Lost on Lemnos

Sep 27, 2010

Where Pigs Rule

In the daylight they are nowhere, but at night they play. They trample through orchards and stampede past campers in the mountains, waking them from their sleep as they root across the meadow in the light of the full moon - and if there is any doubt as to what those shapes are in the darkness - "What are those?! Goats?! Sheep?!" - then they stop, look arrogantly your way, and snort like only a 200-pound pig can do. Two nights in a row now they have alarmed me out of my sleeping bag, once so close that, while I couldn't see the animals in the brush, I felt the ground shaking as they thundered through.

Two nights ago I camped atop a 6000-foot pass west of Antalya. I had been eying it for weeks on my map, the highest paved patch of Turkey in the region, and I knew I would get there. Just as gravity pulls all things back to Earth, I was destined to sleep on that high saddle. As circumstances turned out, I met a friend up there; she, a backpacker from Australia, hitch-hiked and I biked, and we rejoined paths at about 5 p.m. with the best view in the county. She and I walked along the road a quarter mile before turning up a gully. We hopped a fence and made our way out of sight of the road, found a treeless alpine meadow peppered with goat droppings and called it home.
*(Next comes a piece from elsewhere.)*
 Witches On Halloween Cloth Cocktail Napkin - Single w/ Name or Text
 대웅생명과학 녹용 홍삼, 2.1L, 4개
All I wanted by this point in the long day was a drink of wine. We had a 1.5 liter bottle which, mysteriously, would have little to zero effect on either of us even after the whole thing was drained.

That night as we slept, a herd of sheep came through first. The pigs came later. We guessed a leopard would be next - but we just saw more pigs, a second gaggle trotting through the moonlight and trailed by a handful of scurrying piglets. We left in the morning, by bike and bus, and both headed for Kas, 135 kilometers away. I slept in an olive orchard two miles from the busy waterfront, and again pigs came.

Pigs live a fairly safe life here. Muslims, near as I understand, will not eat them, and the packs fear nothing, only avoiding campers by instinctual tendency, I suppose. Last night - my closest encounter - had me trembling and looking for the best tree to climb in case the swines made a go at me.

Kate the Australian and I are both booked into rooms at one Melmet Pension in Kas. The town is a beach resort overrun with Europeans. Every other local tries to coerce you into staying at their uncle's pension, and at the cafes the waiters only turn friendly once it's clear that you will be ordering a full meal. I want out. This will likely be my last room for some time, and so have spent extra time in the shower washing my shirts, my putrid socks, and my canvas shopping bag, which I used this afternoon on a mountain top for filtering out my second batch of road wine. It has, unfortunately, a nagging flavor of garlic on account of several rotten cloves that I unknowingly left in the bag. So we may just buy a bottle.

I am heading inland tomorrow, toward Saklikent National Park. My map shows a fun cartoon image of an antelope there (I saw several today) and I hope I may get lucky and see a brown bear.